Recorded information >>
-=-=-=-=-

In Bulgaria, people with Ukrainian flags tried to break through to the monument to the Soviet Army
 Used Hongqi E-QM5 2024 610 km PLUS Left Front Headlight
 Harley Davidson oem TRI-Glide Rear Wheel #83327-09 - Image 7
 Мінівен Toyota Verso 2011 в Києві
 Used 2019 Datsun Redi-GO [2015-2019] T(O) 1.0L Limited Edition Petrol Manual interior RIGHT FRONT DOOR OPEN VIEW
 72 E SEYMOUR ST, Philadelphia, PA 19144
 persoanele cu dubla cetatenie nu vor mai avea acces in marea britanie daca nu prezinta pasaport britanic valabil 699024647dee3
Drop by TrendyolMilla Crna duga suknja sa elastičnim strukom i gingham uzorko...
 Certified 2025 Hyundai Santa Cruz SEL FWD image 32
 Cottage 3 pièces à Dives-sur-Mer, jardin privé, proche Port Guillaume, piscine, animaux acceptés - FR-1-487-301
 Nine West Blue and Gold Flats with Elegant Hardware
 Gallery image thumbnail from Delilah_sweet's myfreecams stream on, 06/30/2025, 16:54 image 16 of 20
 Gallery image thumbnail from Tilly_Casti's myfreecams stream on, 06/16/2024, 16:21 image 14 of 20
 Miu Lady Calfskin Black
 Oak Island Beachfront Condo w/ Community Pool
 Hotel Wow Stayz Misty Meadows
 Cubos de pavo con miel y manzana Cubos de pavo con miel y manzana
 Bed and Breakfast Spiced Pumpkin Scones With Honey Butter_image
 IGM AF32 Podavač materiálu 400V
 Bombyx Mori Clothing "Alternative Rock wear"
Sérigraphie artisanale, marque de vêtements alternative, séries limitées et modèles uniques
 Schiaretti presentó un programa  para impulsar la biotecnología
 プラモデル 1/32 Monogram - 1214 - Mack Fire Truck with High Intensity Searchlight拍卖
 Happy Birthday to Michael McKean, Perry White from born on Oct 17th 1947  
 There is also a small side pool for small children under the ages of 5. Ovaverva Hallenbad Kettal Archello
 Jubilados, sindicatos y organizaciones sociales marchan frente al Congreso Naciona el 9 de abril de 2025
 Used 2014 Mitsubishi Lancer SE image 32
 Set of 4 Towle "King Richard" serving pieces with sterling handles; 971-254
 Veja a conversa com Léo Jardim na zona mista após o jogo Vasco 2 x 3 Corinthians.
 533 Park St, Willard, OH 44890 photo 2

-=-=-=-=-

What this task involves >>
From the material above, set down exactly the lines starting at the one with "72 E SEYMOUR ST, Philadelphia, PA 19144" and ending at the one with "Bombyx Mori Clothing", end lines included.

Answer to this task >>
 72 E SEYMOUR ST, Philadelphia, PA 19144
 persoanele cu dubla cetatenie nu vor mai avea acces in marea britanie daca nu prezinta pasaport britanic valabil 699024647dee3
Drop by TrendyolMilla Crna duga suknja sa elastičnim strukom i gingham uzorko...
 Certified 2025 Hyundai Santa Cruz SEL FWD image 32
 Cottage 3 pièces à Dives-sur-Mer, jardin privé, proche Port Guillaume, piscine, animaux acceptés - FR-1-487-301
 Nine West Blue and Gold Flats with Elegant Hardware
 Gallery image thumbnail from Delilah_sweet's myfreecams stream on, 06/30/2025, 16:54 image 16 of 20
 Gallery image thumbnail from Tilly_Casti's myfreecams stream on, 06/16/2024, 16:21 image 14 of 20
 Miu Lady Calfskin Black
 Oak Island Beachfront Condo w/ Community Pool
 Hotel Wow Stayz Misty Meadows
 Cubos de pavo con miel y manzana Cubos de pavo con miel y manzana
 Bed and Breakfast Spiced Pumpkin Scones With Honey Butter_image
 IGM AF32 Podavač materiálu 400V
 Bombyx Mori Clothing "Alternative Rock wear"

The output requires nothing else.